The enforcement points

Catalog gateway (write path)

Neksur is an Iceberg REST catalog proxy in front of your real catalog. Every commit is intercepted at commit time and run through the Access (write-ACL), schema, retention, classification, and residency rules of the governing Contract. A valid commit is forwarded to the upstream catalog transparently; a violating commit is rejected with a structured error and an audit record. This is the strongest point — a rejected write never lands — but it can only check what the policy author anticipated.

Fail-closed: if the policy engine cannot produce a verdict, the commit is rejected, not allowed.

Writer-side transform (Spark, pre-write)

Before bytes reach object storage, an optional Spark layer applies column-level transforms — masking, encryption, redaction, tokenization.

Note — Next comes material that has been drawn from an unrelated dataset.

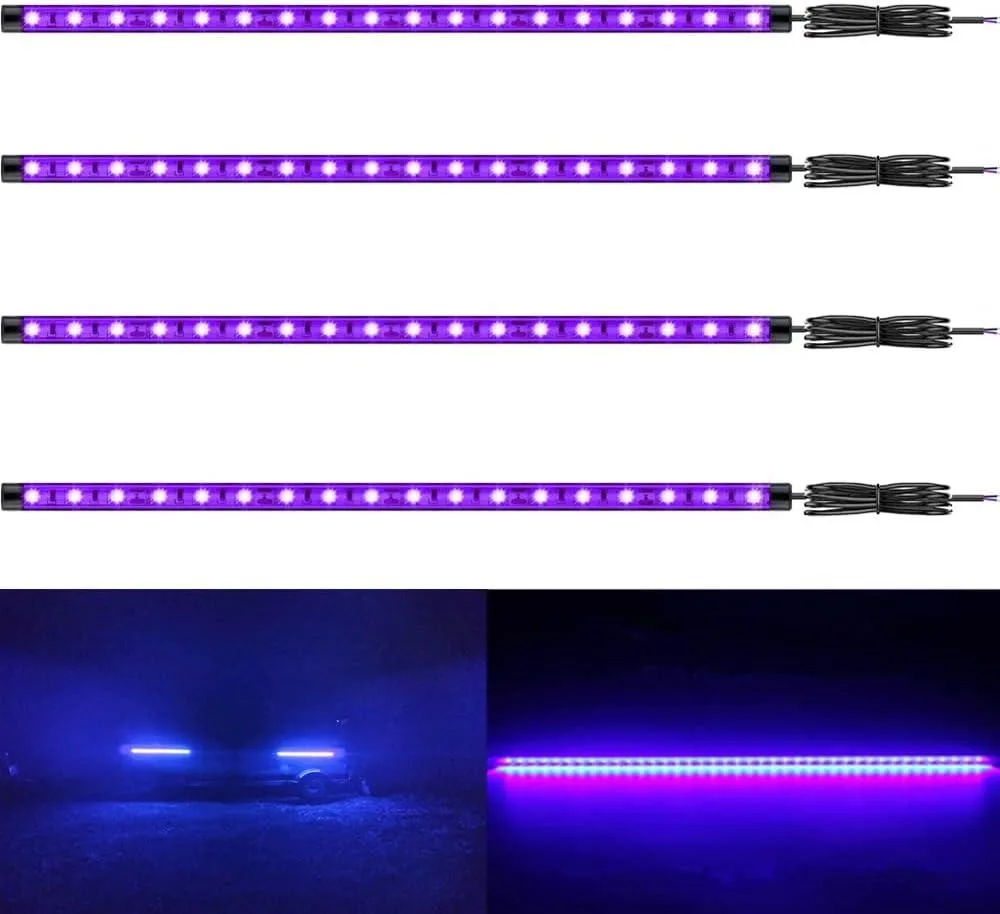 Four 20-inch UV LED strips in clear waterproof tubes with red and black wires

Two equivalent frontends call the same transform library:

a Catalyst optimizer extension that intercepts all writes silently, and
an explicit SDK wrapper (writeWithNeksur) for teams that prefer opt-in.

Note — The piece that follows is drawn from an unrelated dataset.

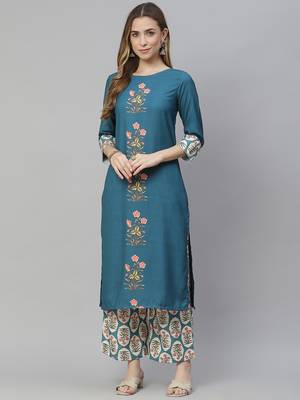 Teal printed rayon kurtas-and-kurtis 1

Both paths are proven byte-identical by a CI parity gate, and both are fail-closed: a failed policy fetch aborts the write. This is a Defense-in-Depth edition capability — see Editions and tiers.

Read-path SQL proxy

The same declarative Access policy is compiled to each engine’s dialect and injected into read traffic, so a row filter or column mask authored once is enforced when Trino, Dremio, or a BI tool reads. BI clients connect through the Postgres wire protocol (pgwire) or XMLA (Excel / Power BI). The read path closes the gap the write path can’t: data already in the lake that violates current policy is filtered at query time.

Credential vending (compute isolation)

A vending boundary issues short-lived, scoped storage credentials so an engine cannot reach data outside the Contract’s bounds. This makes “the engine just read the files directly” a controllable, not an unbounded, risk.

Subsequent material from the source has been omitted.